Support Questions
Find answers, ask questions, and share your expertise

What are best practices to configure NiFi clusters for high availability across two data centers?

New Contributor

I am looking for options and best practices for how to configure NiFi clusters (with external zookeeper servers) for high availability and failover when an entire data center goes offline. I am planning on putting the clusters in two separate data centers and need to continue processing if one data center totally fails (like loses all connectivity or power).

I plan to start with 3 zookeeper servers and 3 NiFi servers in one data center and then equal numbers in a second data center. I feel I need separate zookeeper server setup because I am also going to run Kafka and embedded zookeeper from NiFi had many fatal errors when I tried to reuse it with Kafka.

The two data centers have a low latency, high bandwidth network connection so there is not much overhead to communicate between them. All NiFi servers in both data centers query a single database server which only exists in one data center, then transform the data and write it to a cache (there is a separate cache in each data center). Because there is only one DB server, if that DB is down we switch to read only mode and use the surviving cache to know what is in the DB) So we need the caches in both data centers hot with up to date info.
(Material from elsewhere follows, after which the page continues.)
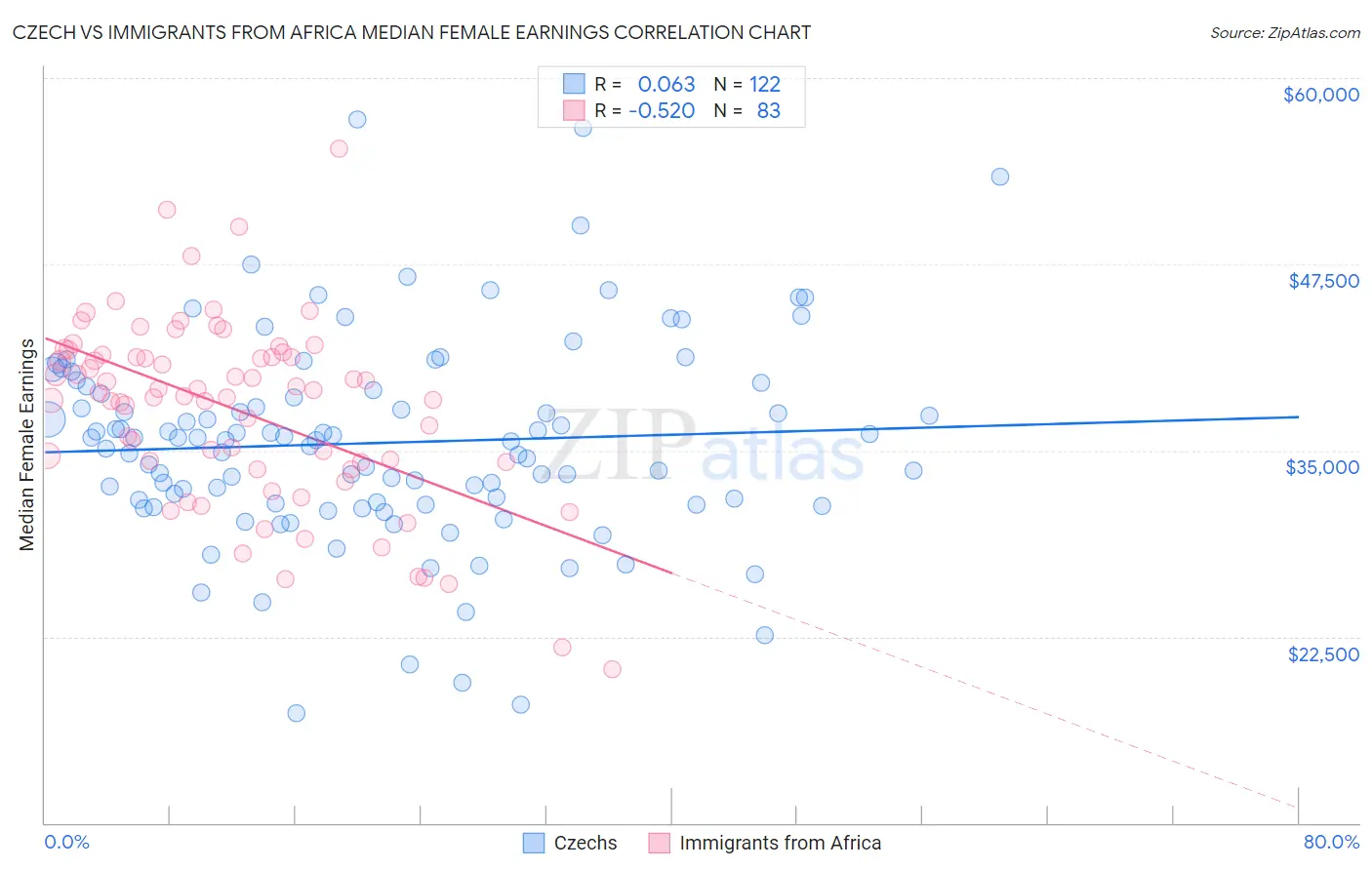 Czech vs Immigrants from Africa Median Female Earnings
One option is to configure all the NiFi servers in both data centers as a single logical cluster and keep both caches updated in a fully hot-hot configuration. The data would be queried once and written simultaneously into both separate caches in the two centers.

The other obvious option is to have a two separate NiFi clusters grouped by data center and have each cluster read from the DB separately (which doubles the db-intensive SQL queries) and only write to the cache located in their own data center. What are the pros and cons of these two approaches and does anyone have a better option than these two?

FYI: I read this article which gave me the two ideas above, but it is written for NiFi 0.X and goes into details on NCM which are no longer used in NiFi 1.3.0. The ideal would be if this url were updated to take into account how NiFi 1.3.0 works (hint, hint @chakra).